Aside from the tangible linguistic, cultural, and musical skills I took from the experience, I have a completely different view of the world. It is difficult to explain what a rewarding, eye opening, and valuable experience it is for one to travel and spend time in a place so different from anywhere they have ever been before. Spending as much time as I did in Nigeria makes it easy to instantly relate to any Nigerian I meet anywhere in the world, as I have a much better idea of where they came from, the issues they face, and their world view in general. I now know that Nigeria is such a complicated place, it is difficult to understand much about it without going there. It is a place that has everything and yet has nothing. It is a place where everything is possible and everything is impossible at the same time. It is a place where you are guaranteed to see something that surprises you every day. The experience will always be a part of me and has greatly shaped the path I am taking into the future.

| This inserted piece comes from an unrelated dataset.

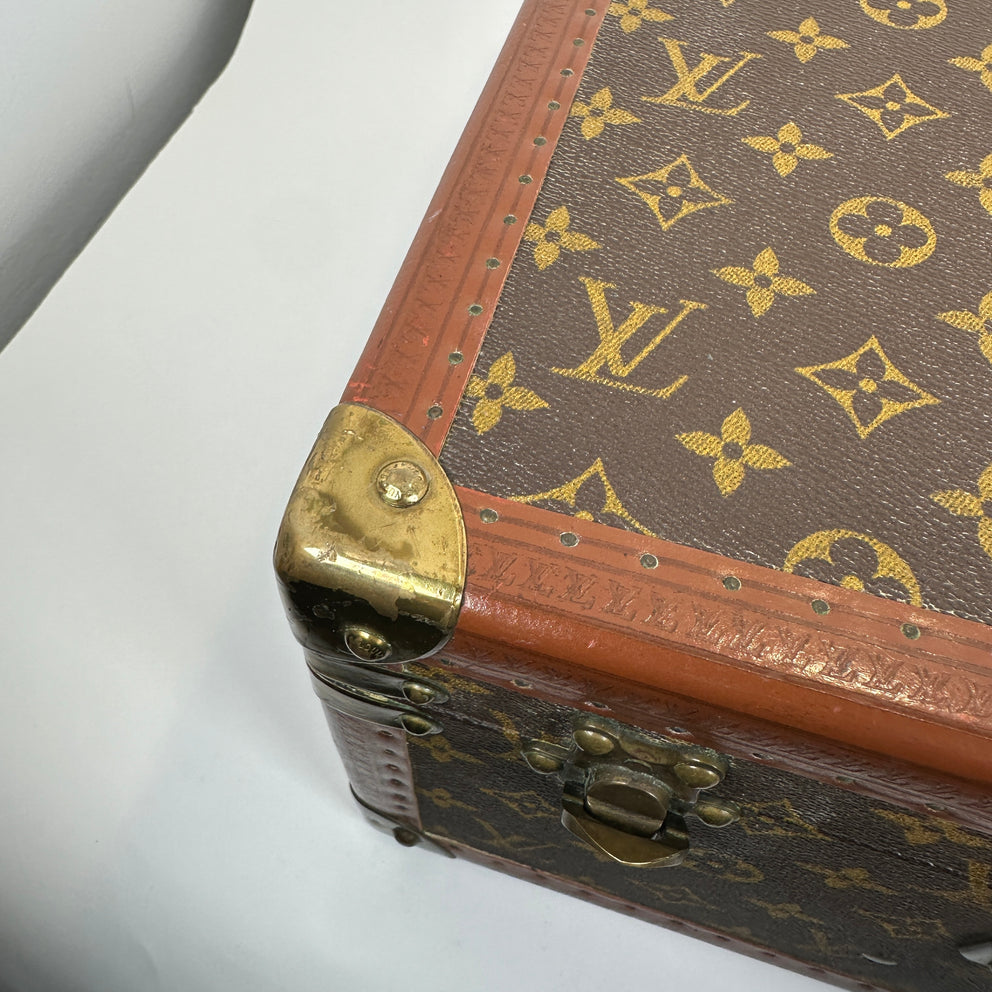 Louis Vuitton 1954 Monogram Alzer 50 Trunk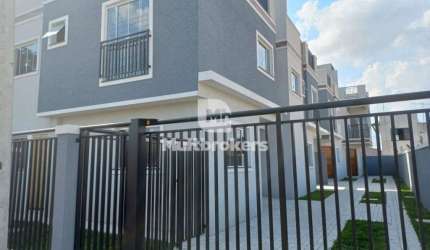 Casa com 3 quartos à venda na Rua Arcanjo São Rafael, 69 04, Sítio Cercado, Curitiba por R$ 499.900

I would highly encourage anyone considering studying abroad in Nigeria to do it, especially because there are so many misconceptions about the place. The people in Nigeria are some of the most hospitable people I have ever met, and so many people took a genuine warm-hearted interest in the fact that I went there to learn about their language and culture. This notion was extremely powerful and resulted in a lot of joy for both myself and countless people I interacted with. Aside from the people and the eye-opening nature of the experience, Nigeria is an important country with a lot of potential. I believe it will play an increasingly important role on the world stage and particularly in Africa. If you are thinking of studying abroad in Nigeria, learn as much of a language as you can (whether it be Igbo, Hausa, Yoruba, or any other language) before you go. Although English is the official language of Nigeria, it is not the same as American English and knowledge of an indigenous language allows you to connect with people on a whole other level. People will take you much more seriously, it will be easier to keep yourself safe, and you will enjoy yourself more. Pidgin English (broken English) is also extremely helpful but is easy to pick up with a little effort once you get there.Also make sure you go with a reputable program that has taken care of your academic and living arrangements. This will save you a lot of headaches.
Lastly, three words that sum up my experience in Nigeria are chaos, humor and inspiration.